== Work request ==
Pictures in the data must not be copied, but everything else should be output exactly.

== Dataset records ==
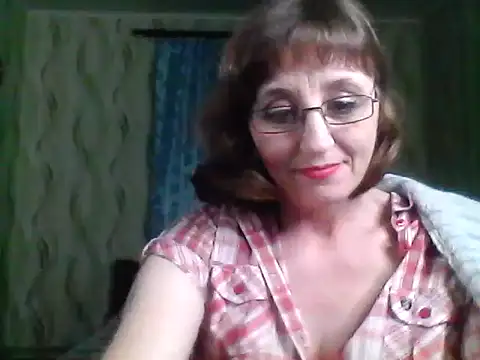 Alisaprice077 online show from 04.15.26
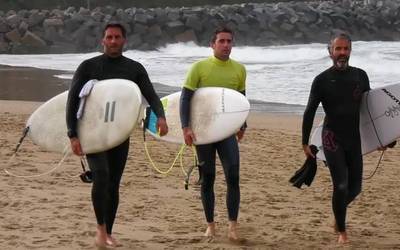 [BIDEOA] Jende ugari bildu du Orioko XXVI. surf txapelketa herrikoiak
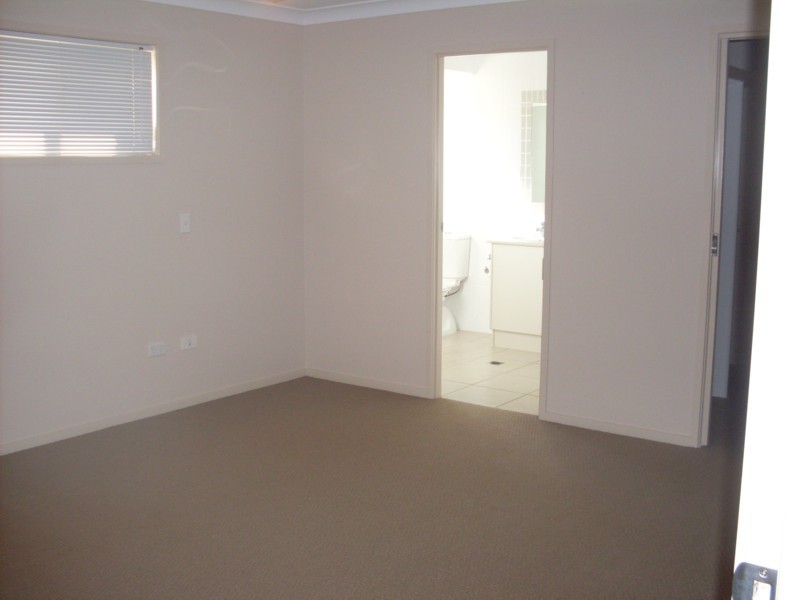 32 Bunya View Drive, Highfields QLD 4352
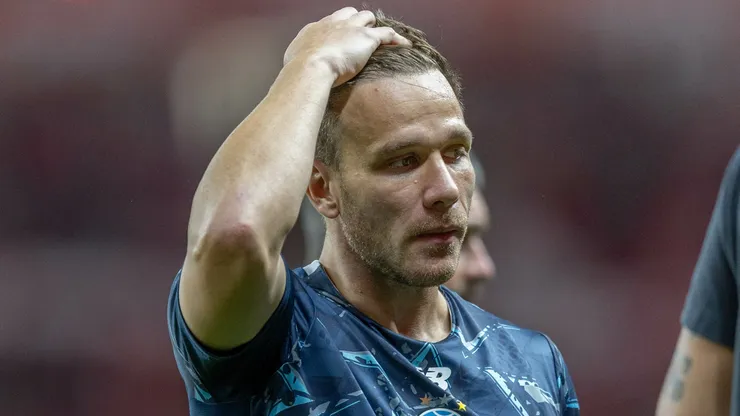 Arthur jogador do Grêmio durante partida contra o Internacional no estádio Beira-Rio pelo campeonato Brasileiro A 2026. Foto: Liamara Polli/AGIF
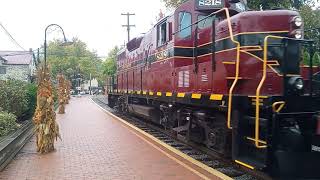 New Hope amp Ivyland Railroad EMD GP9 8218 Switching At The Station [upl. by Anehc]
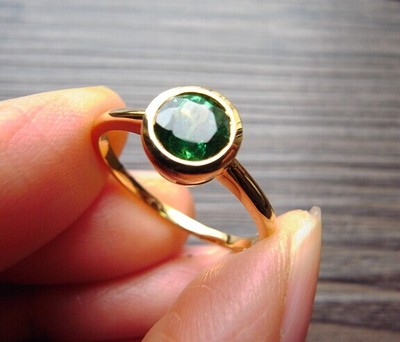 【寂寞五岁】经典包镶款 圆形沙弗莱镶18k黄金戒指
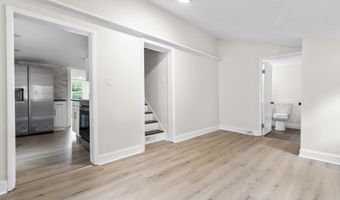 23 Dominican Rd, Branford, CT 06405
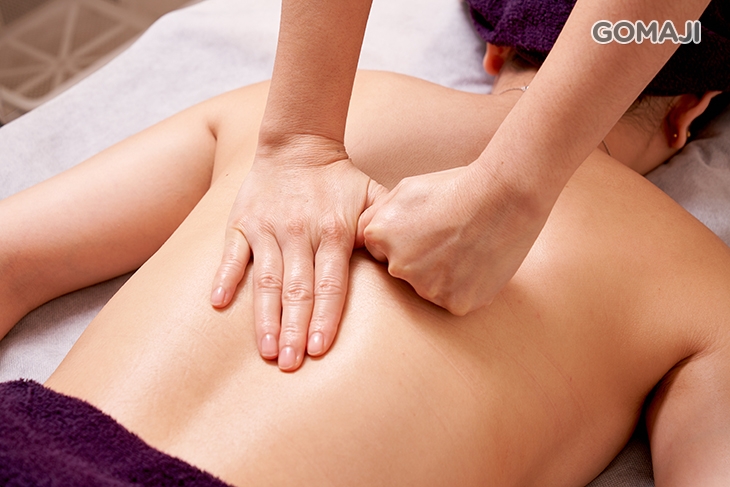 芳香植物精華精油背部舒壓按摩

== Solution to this exercise ==
 Alisaprice077 online show from 04.15.26
 [BIDEOA] Jende ugari bildu du Orioko XXVI. surf txapelketa herrikoiak
 32 Bunya View Drive, Highfields QLD 4352
 Arthur jogador do Grêmio durante partida contra o Internacional no estádio Beira-Rio pelo campeonato Brasileiro A 2026. Foto: Liamara Polli/AGIF
 New Hope amp Ivyland Railroad EMD GP9 8218 Switching At The Station [upl. by Anehc]
 【寂寞五岁】经典包镶款 圆形沙弗莱镶18k黄金戒指
 23 Dominican Rd, Branford, CT 06405
 芳香植物精華精油背部舒壓按摩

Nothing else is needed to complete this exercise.